Word for word, copy all the data and drop the pictures.

####

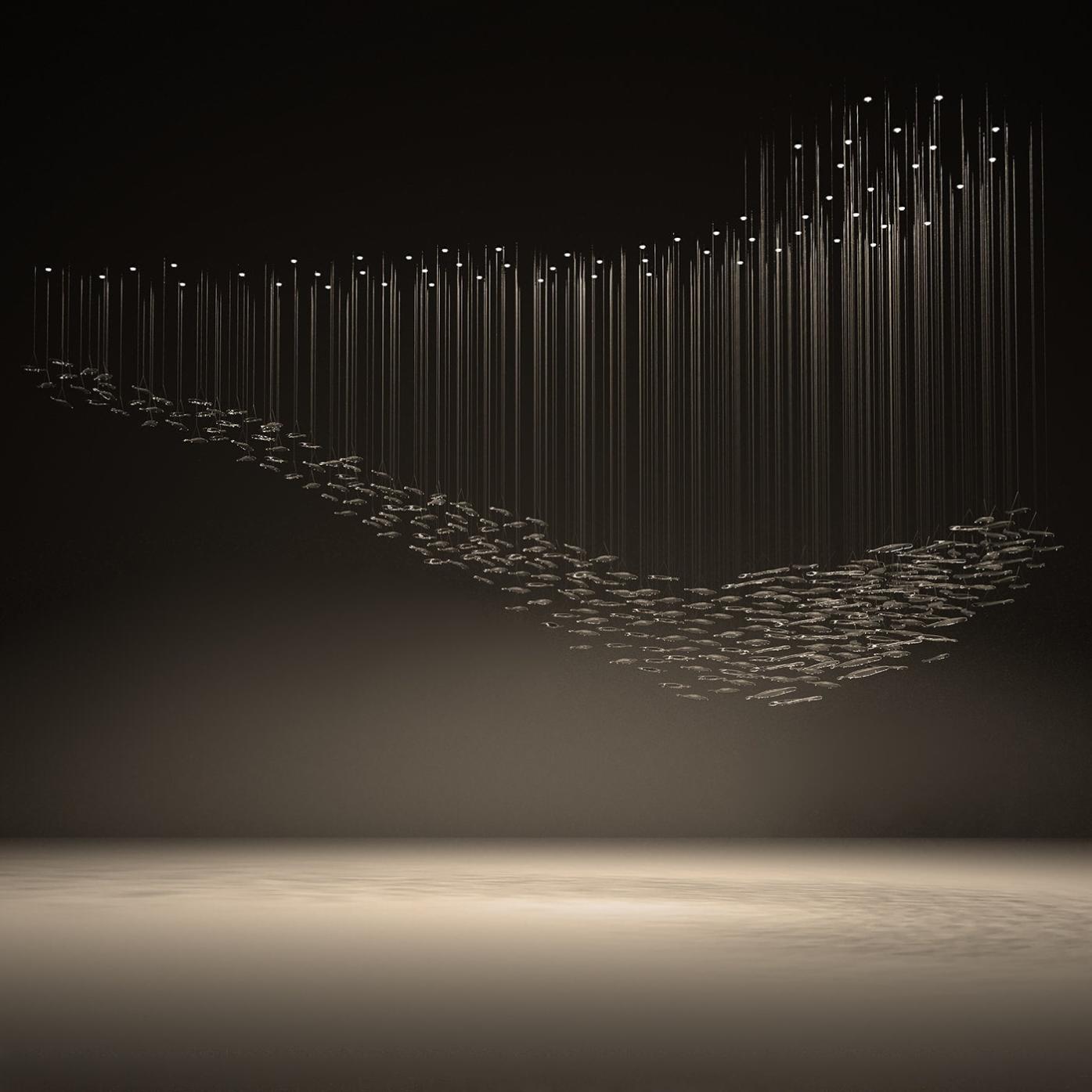 Lampadario a Cascata con Foglie in Vetro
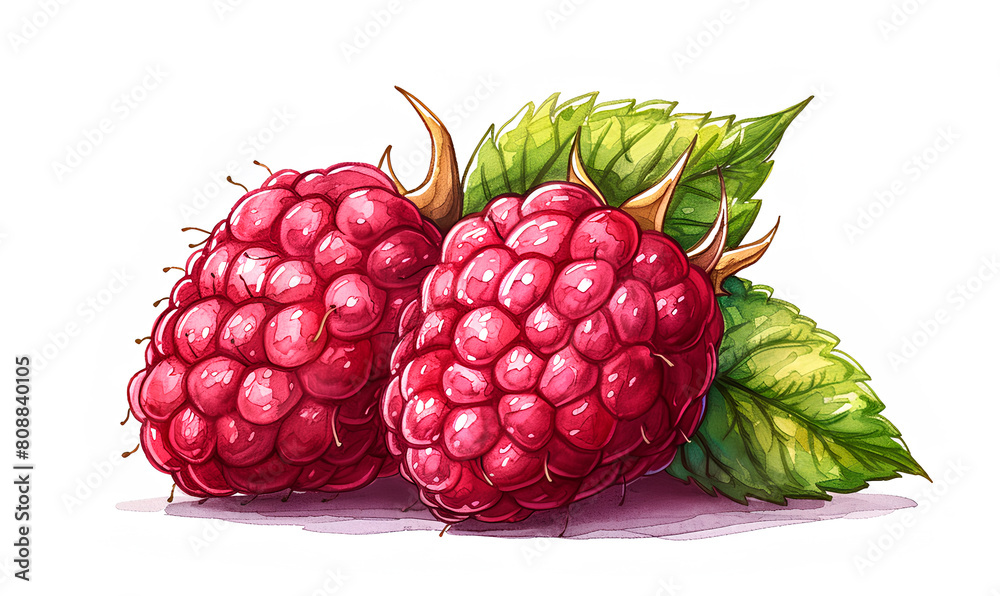 a drawing of a raspberry on white background a drawing of a raspberry on white background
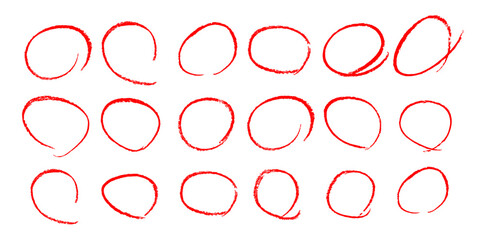Round crayon pencil line drawn by hand. Doodle brush and marker stroke with pastel color texture. Circular sketch element for kid design. Chalk scribble circle frame and wax outline icon on paper.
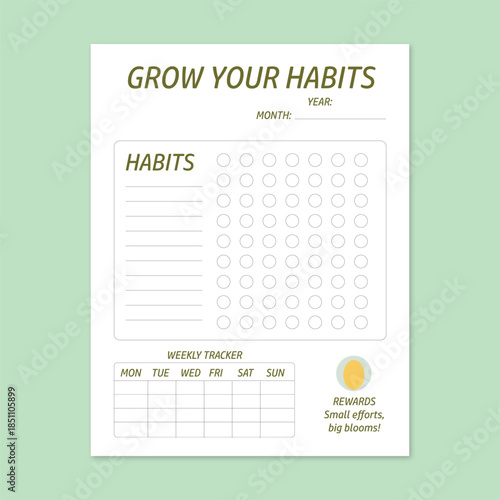 Habit Tracker, Grow Your Habits – Daily & Monthly Habit Tracker, Minimal Habit Tracker for Productivity & Self-Growth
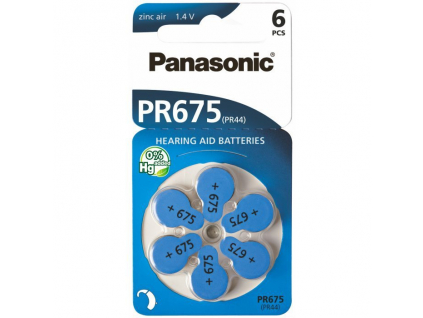 Batérie do načúvacích prístrojov 6 ks Panasonic 675 / PR675 / PR44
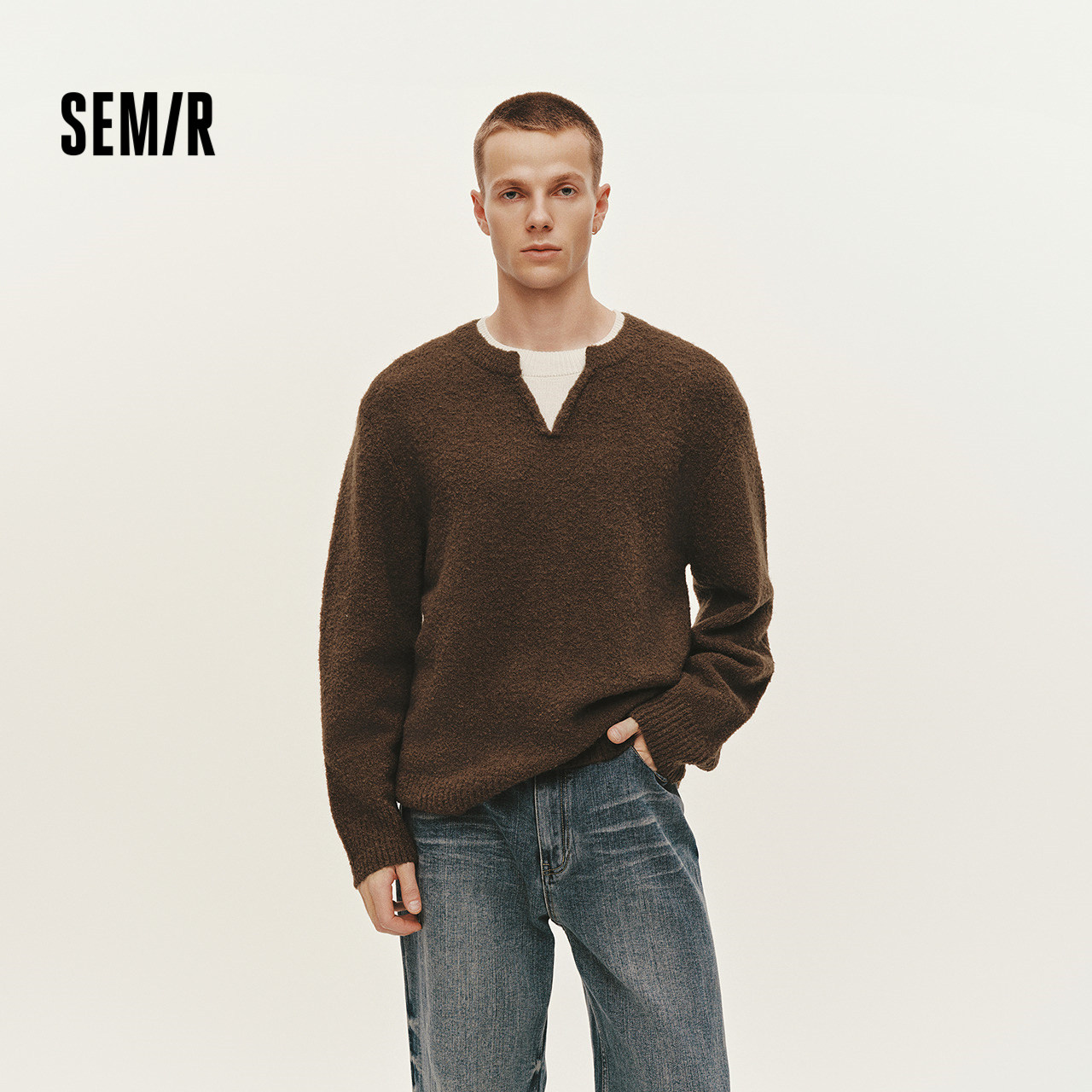 森马毛衫男冬季假两件V领针织衫含羊毛2025新款拼色时尚内搭毛衣,男装,针织衫/毛衣,淘宝优惠券,粉丝福利购,淘宝优惠卷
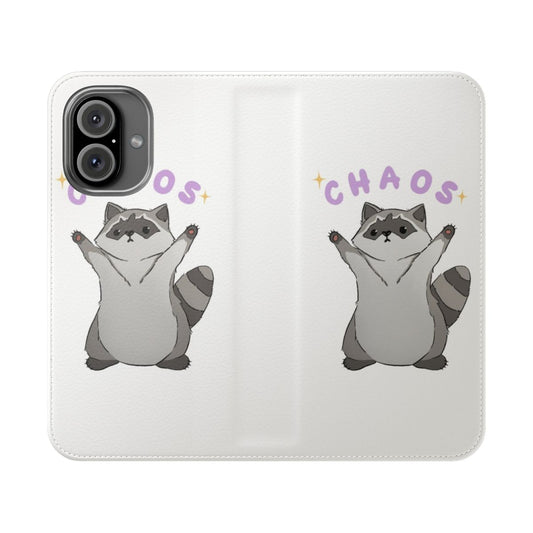 A purple and sparkly phone case featuring an adorable raccoon design.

####

Answer to the exercise:
 Lampadario a Cascata con Foglie in Vetro
 a drawing of a raspberry on white background a drawing of a raspberry on white background
Round crayon pencil line drawn by hand. Doodle brush and marker stroke with pastel color texture. Circular sketch element for kid design. Chalk scribble circle frame and wax outline icon on paper.
 Habit Tracker, Grow Your Habits – Daily & Monthly Habit Tracker, Minimal Habit Tracker for Productivity & Self-Growth
 Batérie do načúvacích prístrojov 6 ks Panasonic 675 / PR675 / PR44
 森马毛衫男冬季假两件V领针织衫含羊毛2025新款拼色时尚内搭毛衣,男装,针织衫/毛衣,淘宝优惠券,粉丝福利购,淘宝优惠卷
 A purple and sparkly phone case featuring an adorable raccoon design.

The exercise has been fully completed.